Son yıllarda akran zorbalığı, yalnızca okul disipliniyle çözülemeyecek kadar ciddi bir problem haline geldiği için, veliler giderek daha fazla bir avukat veya uzman desteğine başvurmaktadır. Bunun en önemli nedeni, bazı okulların ya duyarsız kalması ya da gerekli disiplin mekanizmalarını işletmemesidir.

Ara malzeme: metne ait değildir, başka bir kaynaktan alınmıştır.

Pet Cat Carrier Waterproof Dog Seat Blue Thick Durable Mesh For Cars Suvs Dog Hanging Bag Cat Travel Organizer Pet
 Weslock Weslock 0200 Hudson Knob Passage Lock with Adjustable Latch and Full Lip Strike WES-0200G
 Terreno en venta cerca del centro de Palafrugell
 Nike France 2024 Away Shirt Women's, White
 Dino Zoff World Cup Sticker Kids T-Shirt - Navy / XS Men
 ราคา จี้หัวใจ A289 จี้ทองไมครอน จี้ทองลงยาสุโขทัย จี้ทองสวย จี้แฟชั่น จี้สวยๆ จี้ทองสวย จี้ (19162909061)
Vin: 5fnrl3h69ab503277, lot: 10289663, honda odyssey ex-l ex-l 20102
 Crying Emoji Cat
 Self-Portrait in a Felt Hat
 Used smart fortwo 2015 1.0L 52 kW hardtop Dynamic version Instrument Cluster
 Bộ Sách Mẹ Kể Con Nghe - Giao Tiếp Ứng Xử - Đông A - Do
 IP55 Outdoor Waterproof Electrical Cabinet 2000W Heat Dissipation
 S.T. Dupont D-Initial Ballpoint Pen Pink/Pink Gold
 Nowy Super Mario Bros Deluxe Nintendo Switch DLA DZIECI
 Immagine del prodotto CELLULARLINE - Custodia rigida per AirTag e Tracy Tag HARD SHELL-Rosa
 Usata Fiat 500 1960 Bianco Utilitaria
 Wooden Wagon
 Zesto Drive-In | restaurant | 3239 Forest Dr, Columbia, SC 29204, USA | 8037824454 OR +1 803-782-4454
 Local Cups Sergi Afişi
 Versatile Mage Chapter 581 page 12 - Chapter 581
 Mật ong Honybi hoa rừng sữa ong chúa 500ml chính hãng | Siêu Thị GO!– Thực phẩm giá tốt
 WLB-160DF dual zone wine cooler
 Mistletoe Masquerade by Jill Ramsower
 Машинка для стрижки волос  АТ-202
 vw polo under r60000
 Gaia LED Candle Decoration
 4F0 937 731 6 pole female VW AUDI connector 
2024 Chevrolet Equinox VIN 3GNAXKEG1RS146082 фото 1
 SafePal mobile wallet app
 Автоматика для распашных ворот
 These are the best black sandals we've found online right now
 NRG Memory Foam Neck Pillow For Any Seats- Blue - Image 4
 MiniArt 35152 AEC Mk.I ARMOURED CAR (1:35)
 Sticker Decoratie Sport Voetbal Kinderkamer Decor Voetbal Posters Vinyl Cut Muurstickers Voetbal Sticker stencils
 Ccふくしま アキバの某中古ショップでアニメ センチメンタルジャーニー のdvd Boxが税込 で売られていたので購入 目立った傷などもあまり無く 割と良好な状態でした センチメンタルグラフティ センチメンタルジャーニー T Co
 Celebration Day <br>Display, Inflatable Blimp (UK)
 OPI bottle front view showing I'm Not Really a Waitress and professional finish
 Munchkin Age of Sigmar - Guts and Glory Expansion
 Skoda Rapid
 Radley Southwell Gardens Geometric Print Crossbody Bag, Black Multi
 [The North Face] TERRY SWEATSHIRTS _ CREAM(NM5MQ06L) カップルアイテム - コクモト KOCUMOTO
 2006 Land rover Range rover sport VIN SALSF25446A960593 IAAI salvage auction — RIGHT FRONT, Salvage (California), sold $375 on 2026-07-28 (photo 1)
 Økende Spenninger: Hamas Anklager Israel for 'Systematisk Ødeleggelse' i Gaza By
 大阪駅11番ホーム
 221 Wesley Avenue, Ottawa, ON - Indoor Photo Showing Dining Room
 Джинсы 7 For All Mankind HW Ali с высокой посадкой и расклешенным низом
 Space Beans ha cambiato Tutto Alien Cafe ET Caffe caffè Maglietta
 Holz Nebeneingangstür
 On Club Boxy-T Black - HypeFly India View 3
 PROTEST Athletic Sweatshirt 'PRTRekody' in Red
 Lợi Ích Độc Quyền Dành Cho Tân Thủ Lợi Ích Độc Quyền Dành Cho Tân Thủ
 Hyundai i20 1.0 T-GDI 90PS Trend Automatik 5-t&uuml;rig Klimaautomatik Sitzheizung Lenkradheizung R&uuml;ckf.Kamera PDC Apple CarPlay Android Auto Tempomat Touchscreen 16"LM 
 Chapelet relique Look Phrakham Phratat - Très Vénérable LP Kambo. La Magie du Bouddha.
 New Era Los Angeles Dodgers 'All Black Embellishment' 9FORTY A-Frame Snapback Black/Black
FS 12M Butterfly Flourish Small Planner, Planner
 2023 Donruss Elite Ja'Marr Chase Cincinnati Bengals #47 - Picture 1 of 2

Bu kayıtsızlık sonucunda yasal yaptırımlar, en etkili çözüm yollarından biri olarak öne çıkmaktadır. Hukuki süreçler;

 

  1. ➔ Mağdur öğrencinin korunmasını,
  2. ➔ Zorbalığı yapan öğrencinin ve ailesinin sorumluluk üstlenmesini,
  3. ➔ Okul idaresinin yükümlülüklerini yerine getirmesi sağlar.

 

Bu nedenle zorbalık vakalarında hukuki yolların işletilmesi, hem kısa vadeli hem de uzun vadeli sonuçlar açısından en etkili müdahale olarak değerlendirilmektedir.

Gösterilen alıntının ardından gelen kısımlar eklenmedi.